Installing CNI plugins

Source: https://github.com/containerd/containerd/blob/main/docs/getting-started.md

Get the proper binary for your Linux distribution and hardware and then install it by using the commands below.

wget https://github.com/containernetworking/plugins/releases/download/v1.3.0/cni-plugins-linux-arm-v1.3.0.tgz
sudo mkdir -p /opt/cni/bin
sudo tar Cxzvf /opt/cni/bin cni-plugins-linux-arm-v1.3.0.tgz

You should have an outcome similar to this.

Creating /etc/containerd/config.toml

Source: https://github.com/containerd/containerd/blob/main/docs/getting-started.md

Execute the below commands to create the “config.toml” file with default values.

sudo mkdir /etc/containerd/
sudo su -
containerd config default > /etc/containerd/config.toml

Configuring the systemd cgroup driver

Source: https://kubernetes.io/docs/setup/production-environment/container-runtimes/#containerd

To use the systemd cgroup driver in /etc/containerd/config.toml with runc, follow below instructions.

sudo vi /etc/containerd/config.toml

Then set SystemdCgroup to true as is shown below.

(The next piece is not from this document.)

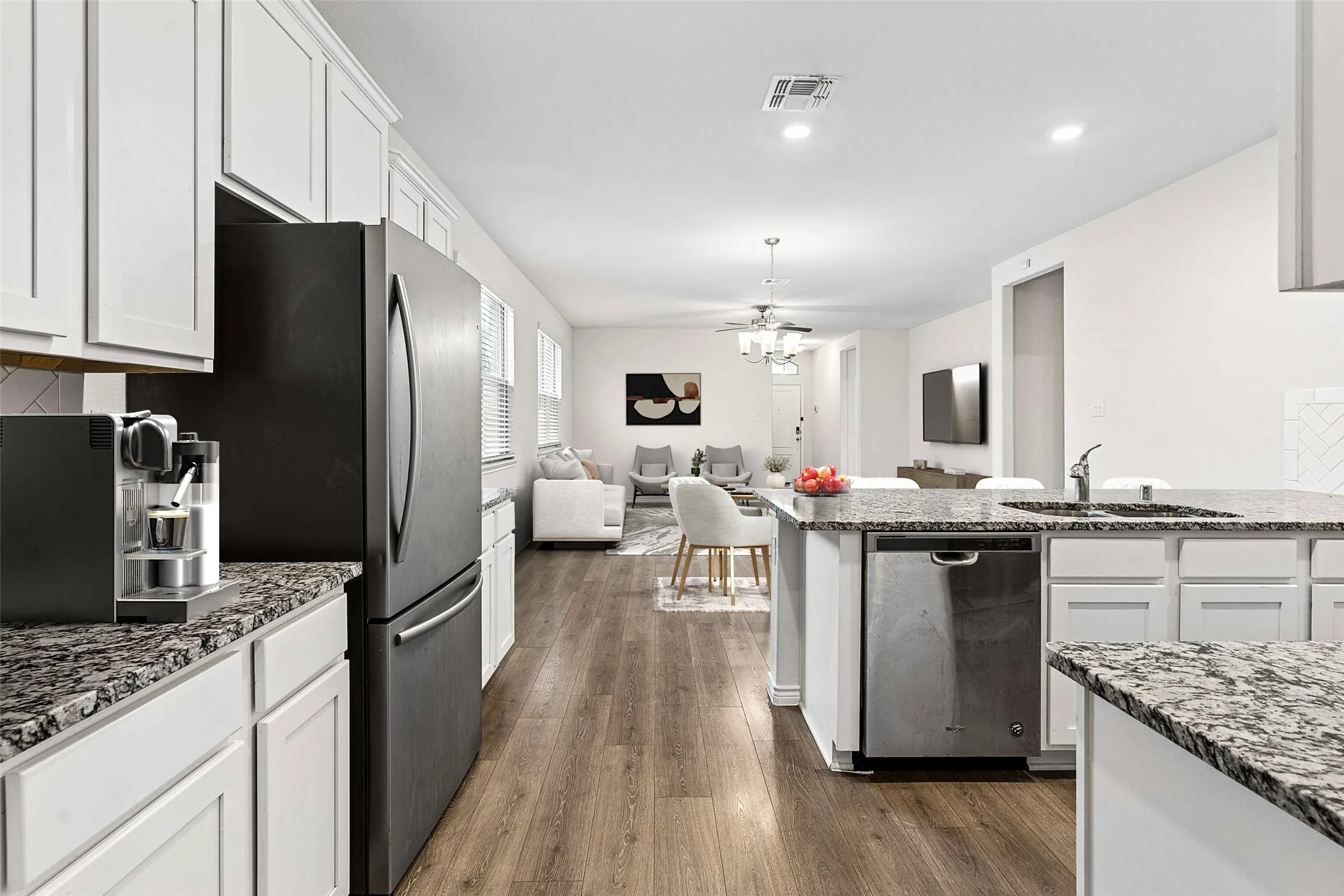 Kitchen featuring white shaker cabinetry, granite countertops, wood-finish flooring, a stainless steel dishwasher, and an integrated sink with a pull-down faucet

[plugins.”io.containerd.grpc.v1.cri”.containerd.runtimes.runc]
…
  [plugins.”io.containerd.grpc.v1.cri”.containerd.runtimes.runc.options]
…
    SystemdCgroup = true  <——–

sudo systemctl restart containerdsudo systemctl restart kubelet

Initializing your control-plane node (control-plane node)

This is the moment we have been waiting for

1. Go to control-plane node.
   
   
2. Run this command.
   
   

   sudo kubeadm init --v=5

3. If everything goes well, you will see an outcome like this.
   
   
   
   Above figure shows that we should deploy a pod network, we will see this below. Please save the information regarding the token and hash as this will be needed to add worker nodes to the cluster.

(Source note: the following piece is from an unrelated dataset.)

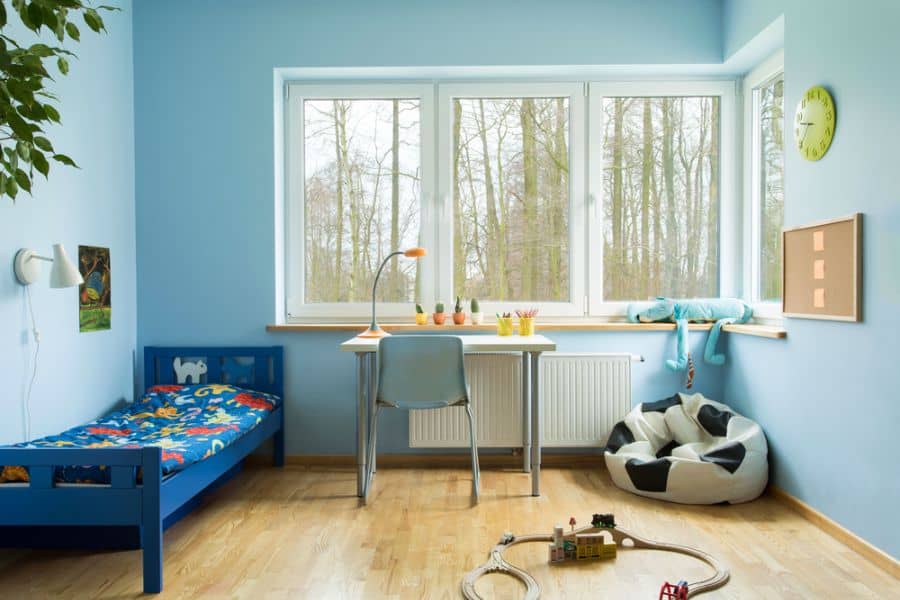 Pastel blue kids bedroom with single bed, study desk, and large window.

Preparing the cluster to add worker nodes

Let’s follow the steps below.

Configuring the VCN on OCI to allow the traffic on port 6443

This is important as worker nodes will try to contact the control-plane node via port 6443.

1. Go to OCI console.
   
   
2. Click on “Networking > Virtual cloud networks”.
   
   
   
3. Click on the VCN the Kubernetes cluster is using.
   
   
   
4. Click on “Security Lists”.
   
   
   
5. Choose the default security list.
   
   
   
6. Click on “Add Ingress Rules”.
   
   
   
7. Fill in the form and click on “Add Ingress Rules”
   
   

Configuring iptables to allow traffic throughout port 6443 (control-plane node)

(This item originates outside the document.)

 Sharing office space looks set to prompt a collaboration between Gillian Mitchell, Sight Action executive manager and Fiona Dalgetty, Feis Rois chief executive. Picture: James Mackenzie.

This configuration will be gone after rebooting the control-plane node, which is fine as we need it just once to join the worker nodes to the cluster.

Execute the below command.

sudo iptables -I INPUT -p tcp -m state --state NEW,ESTABLISHED -m tcp --dport 6443 -m comment --comment "Required for Kubernetes." -j ACCEPT

Adding worker nodes to the Kubernetes cluster

Follow the below instructions.

1. If you lose the token to join worker nodes, get a new one with below command in control-plane node.
   
   

   sudo kubeadm token create --print-join-command

   
   
   
2. Execute the generated command on every worker node; in our case we have two nodes.
   
   

   sudo kubeadm join 10.0.0.228:6443 --token fvnkpq.5nuyu1o3064fryn4 --discovery-token-ca-cert-hash sha256:baffbdb7b6993bdc41384ca46053536e05b04e0359e8b8dac78a22e6a4422358

3. If everything goes well, you will see this.
   
   

Checking the nodes and pods with kubectl

1. Go to the control-plane node and become root.
   
   
2. Set this variable.
   
   

   export KUBECONFIG=/etc/kubernetes/admin.conf

3. Execute the command below to check the nodes.
   
   

   kubectl get nodes -o wide

   
   
4. Execute the command below to check the pods.
   
   

   kubectl get pods -A -o wide

   

Conclusion

This guide is intended for those who are learning Kubernetes and need a cluster. We have gone through the whole process of installing a Kubernetes cluster, which can be used to run your experiments, to learn more about this amazing technology, etc. I hope the guide is useful so, whoever is reading this can leverage the power of containers.

I have not used configuration as code because my original idea was to go through the process step by step to get familiarized with Kubernetes.

Congratulations!!! I hope at this point you have a new Kubernetes cluster.